[dm-devel] [PATCH v2] dm snapshot: add optional discard support features

Mon Jul 15 18:06:54 UTC 2019

On Fri, Jul 12 2019 at  9:40am -0400,
Nikos Tsironis <ntsironis at arrikto.com> wrote:

> Hi Mike,
> 
> I have reviewed the patch. A few comments below.

Thanks, my email filtering caused this mail to miss my INBOX (still yet
to reason through why).  So I'm just seeing this now.

> On 7/11/19 11:46 PM, Mike Snitzer wrote:
> > @@ -1839,10 +1925,43 @@ static int snapshot_map(struct dm_target *ti, struct bio *bio)
> >  		goto out_unlock;
> >  	}
> >  
> > +	if (unlikely(bio_op(bio) == REQ_OP_DISCARD)) {
> > +		if (s->discard_passdown_origin && dm_bio_get_target_bio_nr(bio)) {
> > +			/*
> > +			 * passdown discard to origin (without triggering
> > +			 * snapshot exceptions via do_origin; doing so would
> > +			 * defeat the goal of freeing space in origin that is
> > +			 * implied by the "discard_passdown_origin" feature)
> > +			 */
> > +			bio_set_dev(bio, s->origin->bdev);
> > +			track_chunk(s, bio, chunk);
> Why track_chunk() is needed here?
> 
> We track snapshot reads redirected to the origin to ensure that the
> origin will not be written while the reads are in-flight, thus returning
> corrupted data.
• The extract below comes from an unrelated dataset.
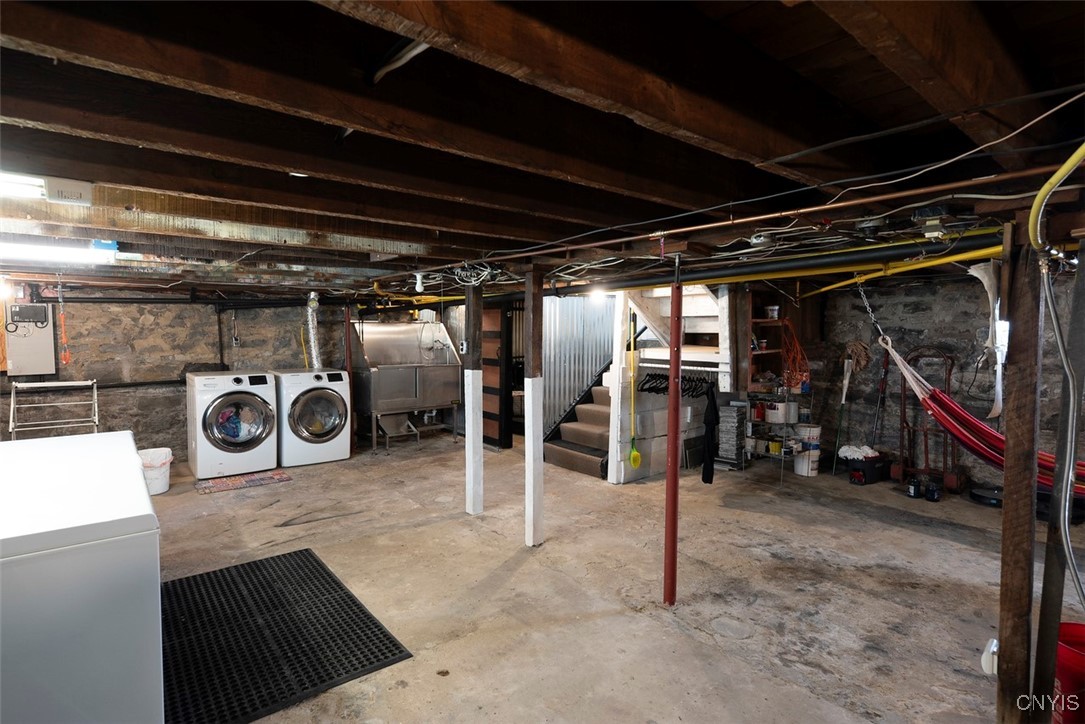 62 Mary Street Auburn, NY 13021 - Photo 34 of 48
Also, we track writes to a merging snapshot, which are
> redirected to the COW device, to ensure we don't merge these COW chunks
> before the writes finish.
> 
> I am probably missing something, but I can't understand why we need to
> track the discard to the origin.

I followed how reads are remapped to origin when remapping the discard
destined for origin because a competing write to origin could trigger
copyout that undermines the intent behind passing down the discard to
the origin.  That said, even if the write is withheld until the discard
completes that write triggered copyout could still undermine that intent.

But for this usecase, the origin wouldn't even be mounted (and is
incapable of being written due to it being full).  So I quickly stopped
caring and was only interested in ensuring do crash would occur in the
face of this hypotehtical concurrent access.
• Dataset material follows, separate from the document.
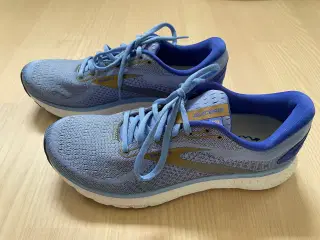 Brooks løbesko str. 43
> > @@ -2198,6 +2324,22 @@ static int snapshot_iterate_devices(struct dm_target *ti,
> >  	return r;
> >  }
> >  > +static void snapshot_io_hints(struct dm_target *ti, struct queue_limits *limits)
> > +{
> > +	struct dm_snapshot *snap = ti->private;
> > +
> > +	if (snap->discard_zeroes_cow) {
> > +		struct dm_snapshot *snap_src = NULL, *snap_dest = NULL;
> > +
> 
> I think the following:
> 
> > +		(void) __find_snapshots_sharing_cow(snap, &snap_src, &snap_dest, NULL);
> > +		if (snap_src && snap_dest)
> > +			snap = snap_src;
> > +
> > +		/* All discards are split on chunk_size boundary */
> > +		limits->discard_granularity = snap->store->chunk_size;
> > +		limits->max_discard_sectors = snap->store->chunk_size;
> 
> should be:
> 
> 	down_read(&_origins_lock);
> 
> 	(void) __find_snapshots_sharing_cow(snap, &snap_src, &snap_dest, NULL);
> 	if (snap_src && snap_dest)
> 		snap = snap_src;
> 
> 	/* All discards are split on chunk_size boundary */
> 	limits->discard_granularity = snap->store->chunk_size;
> 	limits->max_discard_sectors = snap->store->chunk_size;
> 
> 	up_read(&_origins_lock);
> 
> Taking _origins_lock protects us against:
> 
> 	* Concurrent modification of the _origins hash table by
> 	  register/unregister_snapshot().
> 	* snapshot_dtr() unregistering snap_src and freeing the relevant
> 	  resources, e.g., snap_src->store.

I agree, will stage incremental fix.

> One final note. The discard features can also be used by the
> snapshot-merge target. But, snapshot_merge_map() is not doing anything
> special about discards. They are treated like normal writes.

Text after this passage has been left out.